◆ **DIRECTIONS FOR THIS TASK**: Nothing but the lines below from the one holding "Selang Rem Belakang" up to and including the one holding "Compatible with iPhone 17 16" should be copied, exactly and without pictures.

◆ **DATASET RECORDS**:
*** Block opens ***
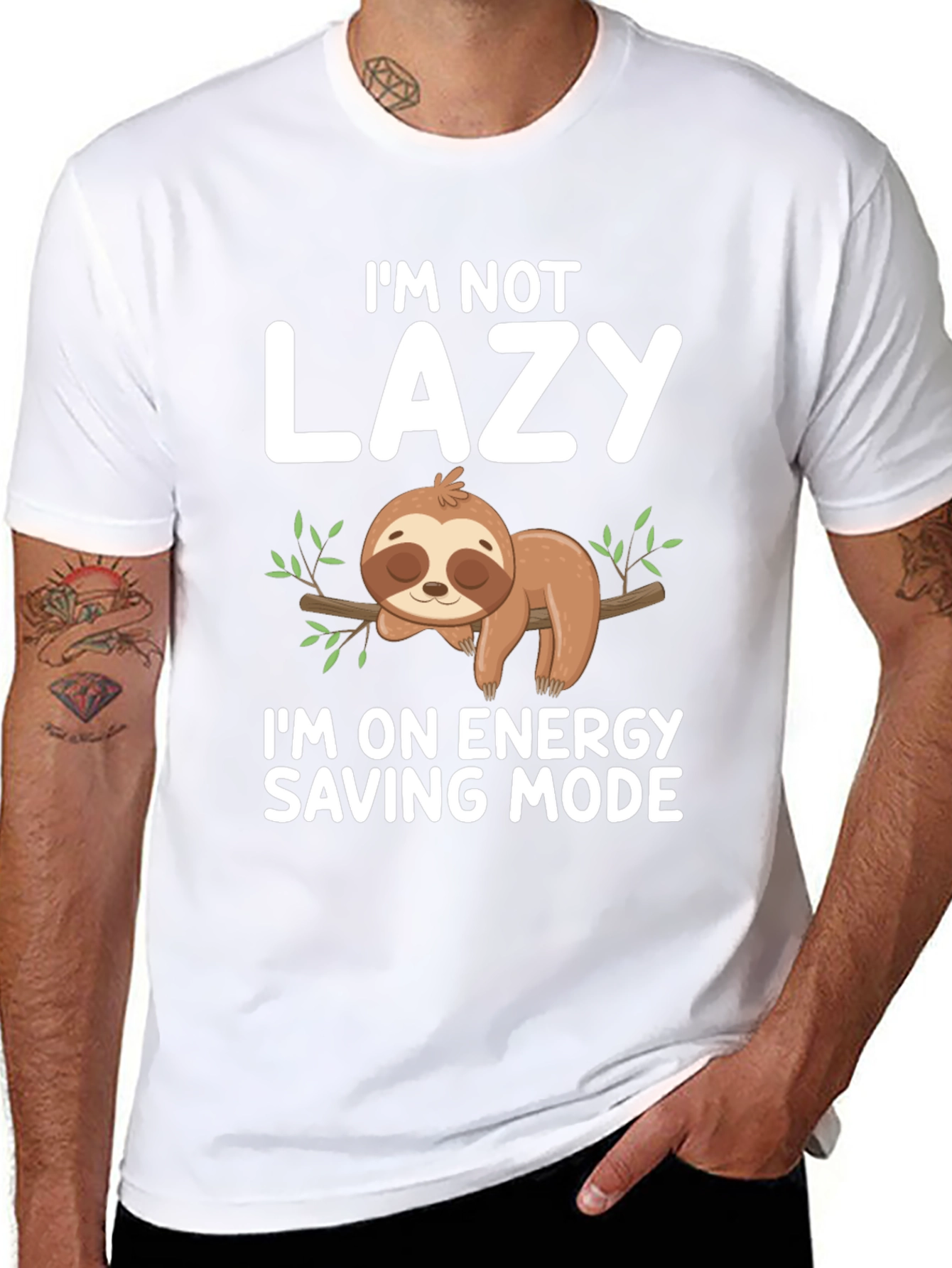 Lazy Sloth Energy Saving Mode Graphic Tee
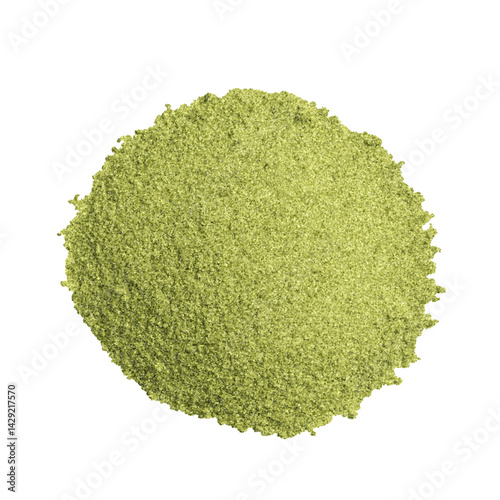 Matcha green tea powder on a white background in a flat top view. Healthy Asian lifestyle drink shown with organic Sencha herb heap. Natural look of Zen food ingredient with splash of ground chlorella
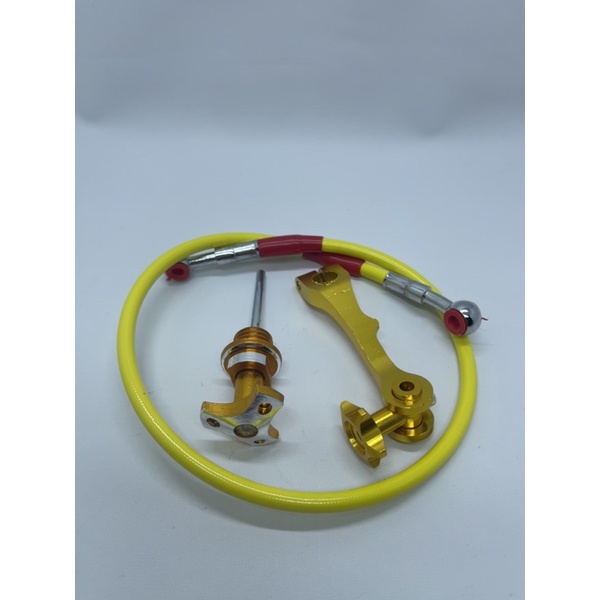 Selang Rem Belakang 65cm + Tutup Oli Jarum + Paha Rem Universal Motor Bebek Full Gold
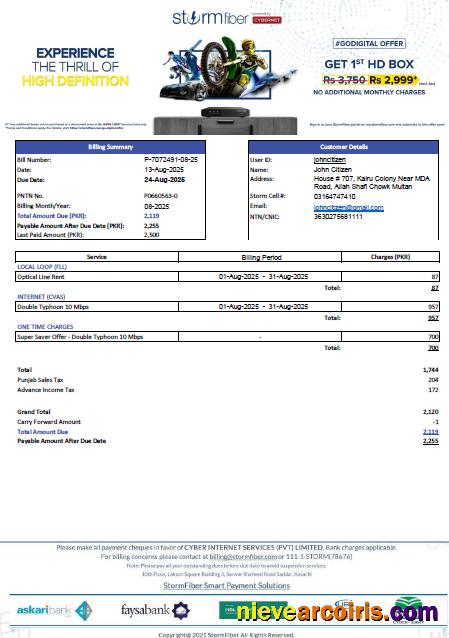 Professional Pakistan StormFiber Utility Bill Template In Word And PDF Formats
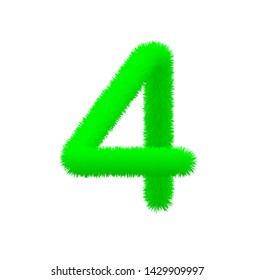 Font fluffy and furry vector green number 4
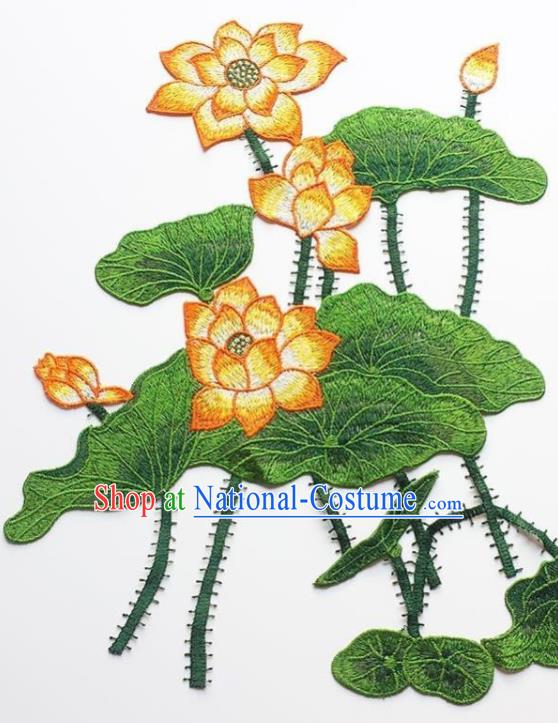 Traditional Chinese Embroidery Orange Lotus Applique Embroidered Patches Embroidering Cloth Accessories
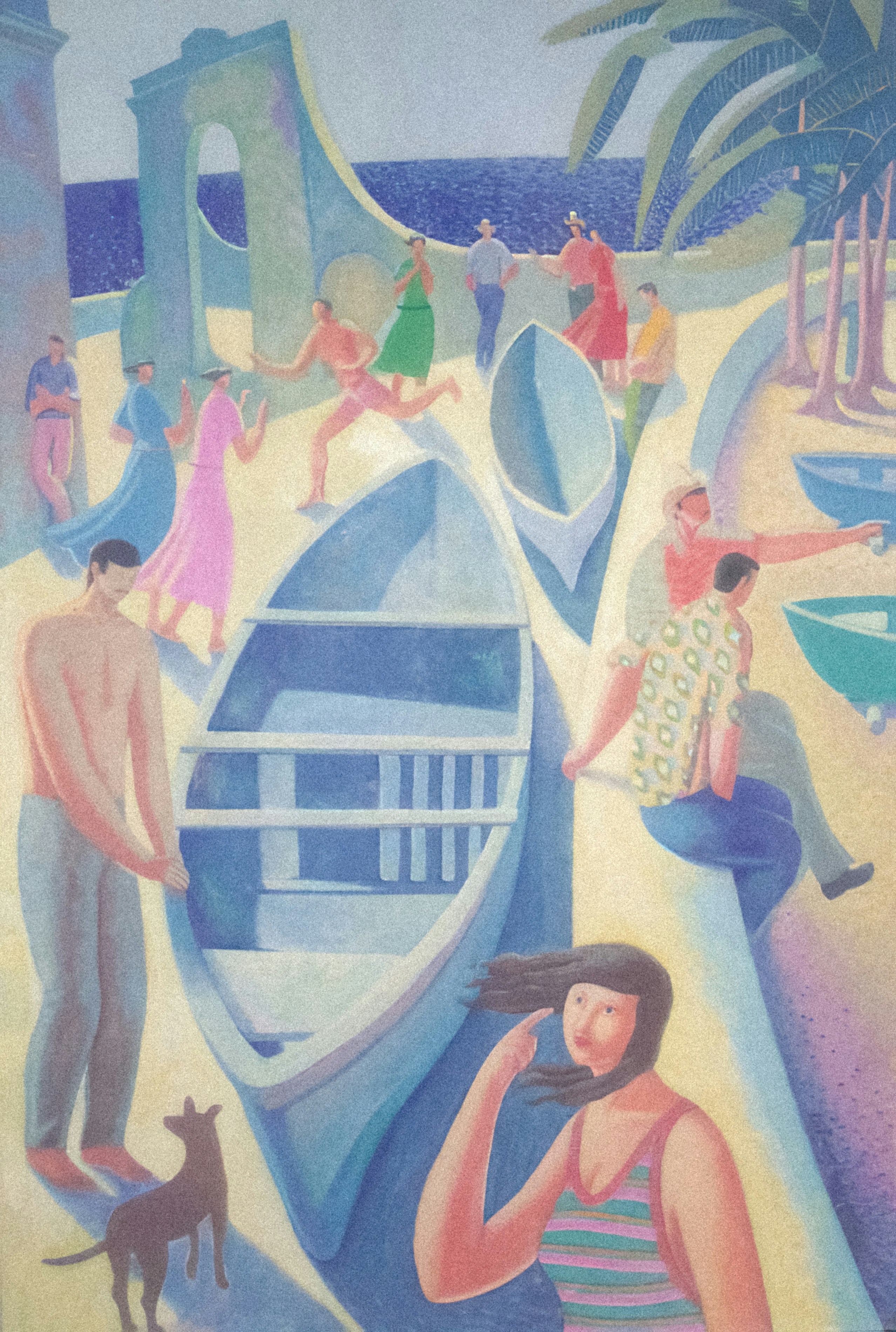 A painting of people and a boat on a beach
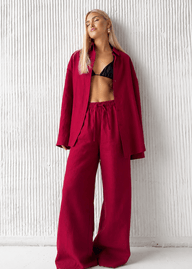 Laura Relaxed Cotton Chemise et Pantalon Large Ensemble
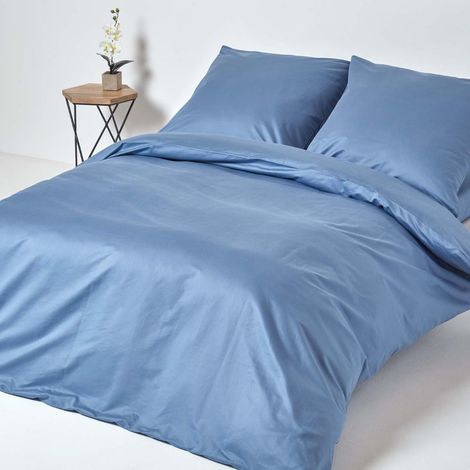 HOMESCAPES Bettwäsche Set himmelblau, Fadendichte 1000, 240 x 220 cm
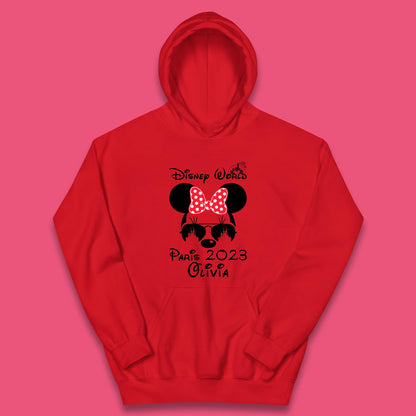 Personalised Disney World Paris 2023 Disney Castle Mickey Mouse Minnie Mouse Cartoon Magical Kingdom Disneyland Trip Kids Hoodie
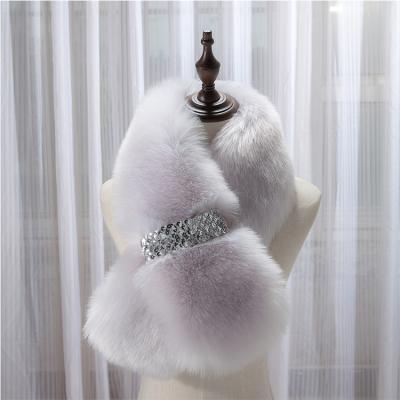 China Luxury High Quality Colorful Short Neckties Sequins Faux Fur Scarf for sale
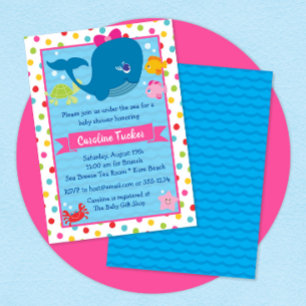 Leuk Onder het Zee Walvis Roze Meisje Baby shower Kaart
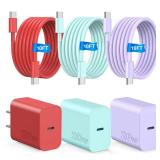 Compatible with iPhone 17 16 15 Fast Charger,Type C Charger Block,USB C Wall Charger Block with 3Pack 10ft USB C to C Charging Cable Compatible with iPhone 17/16/Pro/Plus/15/Pro/Pro Max,Samsumg Galay 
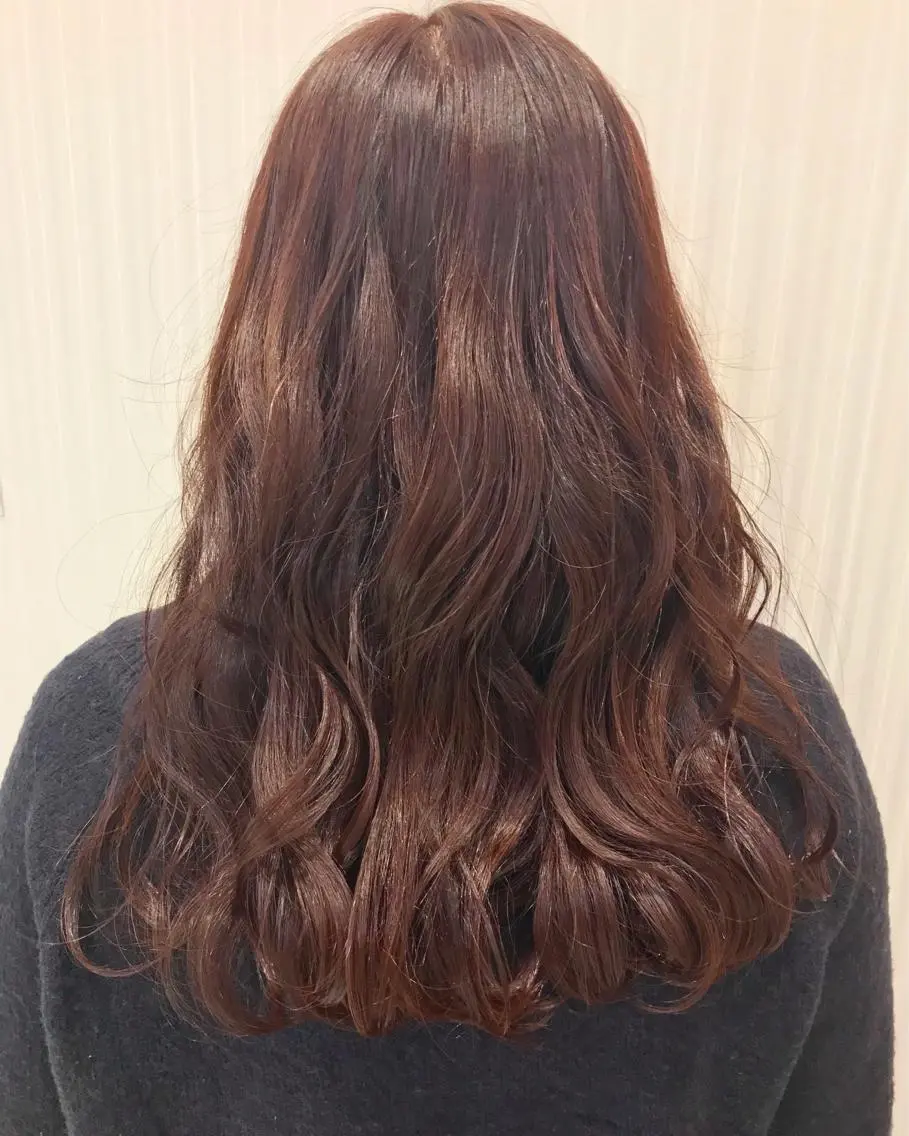セミロング カラー ブラウンカラー ピンクカラー ピンクブラウン 中川 拓弥のヘアスタイル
*** Block closes ***
◆ **EXPECTED ANSWER**:
 Selang Rem Belakang 65cm + Tutup Oli Jarum + Paha Rem Universal Motor Bebek Full Gold
 Professional Pakistan StormFiber Utility Bill Template In Word And PDF Formats
 Font fluffy and furry vector green number 4
 Traditional Chinese Embroidery Orange Lotus Applique Embroidered Patches Embroidering Cloth Accessories
 A painting of people and a boat on a beach
 Laura Relaxed Cotton Chemise et Pantalon Large Ensemble
 HOMESCAPES Bettwäsche Set himmelblau, Fadendichte 1000, 240 x 220 cm
 Personalised Disney World Paris 2023 Disney Castle Mickey Mouse Minnie Mouse Cartoon Magical Kingdom Disneyland Trip Kids Hoodie
 China Luxury High Quality Colorful Short Neckties Sequins Faux Fur Scarf for sale
 Leuk Onder het Zee Walvis Roze Meisje Baby shower Kaart
 Compatible with iPhone 17 16 15 Fast Charger,Type C Charger Block,USB C Wall Charger Block with 3Pack 10ft USB C to C Charging Cable Compatible with iPhone 17/16/Pro/Plus/15/Pro/Pro Max,Samsumg Galay 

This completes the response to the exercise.